The couple also testified to a pistol that went missing during the trip. It was owned by the husband, who said he didn’t think Sisk took the gun but knew someone in the house did. He said Sisk’s father told him about getting into some trouble over money owed to a drug dealer.

Audio, visual evidence

In addition to hearing from witnesses, jurors got to hear the 911 call Sisk placed after the murders. Sisk can be heard telling dispatchers he was playing video games in the basement when he heard five gunshots and ran upstairs to find his family dead. 

“My family has been shot,” he tells the dispatcher. 

In the recording, Sisk says he doesn’t know who shot them but did hear footsteps and a car zooming off. He says it sounded like a Chevrolet and went left from the house, toward Elkmont. 

He can be heard repeating the story to a deputy from the Limestone County Sheriff’s Office before the call disconnects. 

The 911 call was followed by about 40 minutes of body-worn camera footage from deputies and investigators who were on the scene. Portions of audio recorded by the camera were redacted, but the graphic video of deputies finding the victims remained tough to watch for some in the courtroom Tuesday.
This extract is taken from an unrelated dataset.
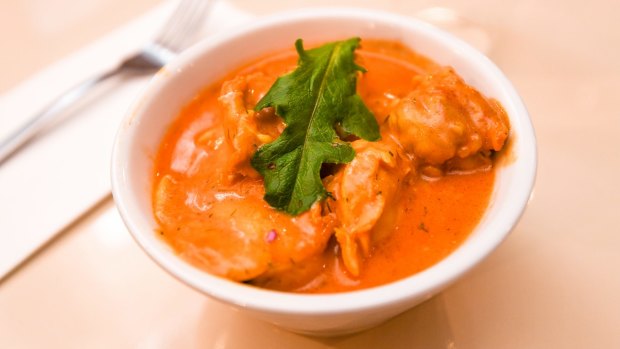 Chicken khandahari, a turmeric-stained yoghurt curry.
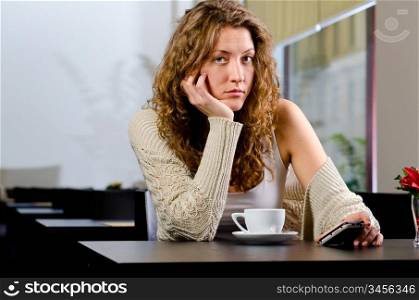 young woman is sitting at cafe and waiting for someone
Sisk’s defense team has suggested deputies pointed to Sisk as a suspect early on, but the senior deputy at the scene on the night of the murders told the courtroom Tuesday that when they arrived, Sisk was considered a witness only. 

Looking ahead

Testimony is set to resume 9 a.m. Wednesday and could last through the week. Jurors are expected to see more body-worn camera footage from deputies, as well as hear testimony from deputies who were at the scene that night.

Other witnesses expected to testify for the prosecution include forensic experts and Mike Blakely, who was sheriff of Limestone County when the murders occurred. Blakely was in the room, questioning Sisk, when Sisk confessed to the killings.